Prime Intellect frames its product as an "open superintelligence stack": a training platform called Lab, a reinforcement-learning framework (prime-rl) that spreads training across thousands of GPUs, an Environments Hub of user-built RL sandboxes, evaluation tools, and a compute marketplace that auctions clusters across 50-plus data centers. The modular idea: enterprises assemble the pieces to reinforcement-train their own agent models rather than renting intelligence from a frontier lab. "It shouldn't just be a few nerds in a glass tower in San Francisco that have the capability to train AI models," said co-founder and CEO Vincent Weisser.

Real revenue, fast

The traction is what stands out. Prime Intellect is running at more than $100 million in annualized revenue in under a year, with about 6,000 customers including Ramp and Zapier. Ramp used the stack to RL-train a "Fast Ask" spreadsheet subagent that its co-CEO Karim Atiyeh said "beat the frontier models on accuracy while running at faster speeds and a fraction of the cost." Radical's David Katz said the team is "operating at the frontier in a way that's affordable."

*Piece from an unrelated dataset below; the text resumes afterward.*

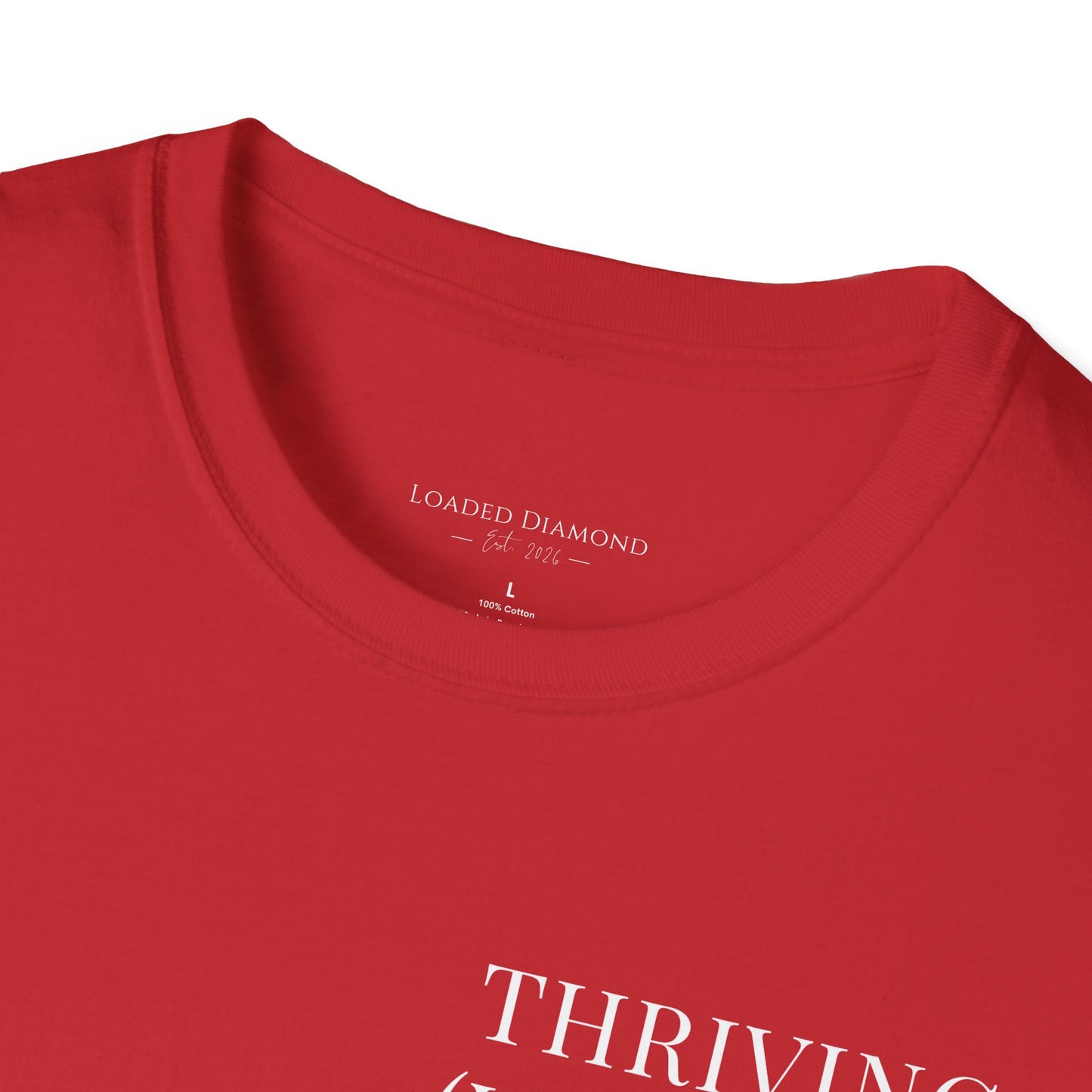 Thriving (Visually) T-Shirt — "No further investigation needed" Minimal Graphic Tee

From decentralized to sovereign

Founded in 2024 by Weisser and Johannes Hagemann, Prime Intellect rose to prominence with decentralized training runs — INTELLECT-1 (10B, trained across three continents in late 2024) and INTELLECT-2 (32B, decentralized RL, 2025). Notably, its most recent open model, the 106B INTELLECT-3, was trained not on a permissionless network but on a conventional cluster of 512 Nvidia H200s. Paired with a Series A led by chipmakers, the shift signals a pivot from the crypto-tinged "decentralized AI" story toward "sovereign enterprise AI." Earlier funding included a $15M round led by Founders Fund and a $5.5M seed.

The bet

New money goes toward more compute, longer-horizon agents and continual-learning infrastructure — the plumbing for companies that want to own their models outright.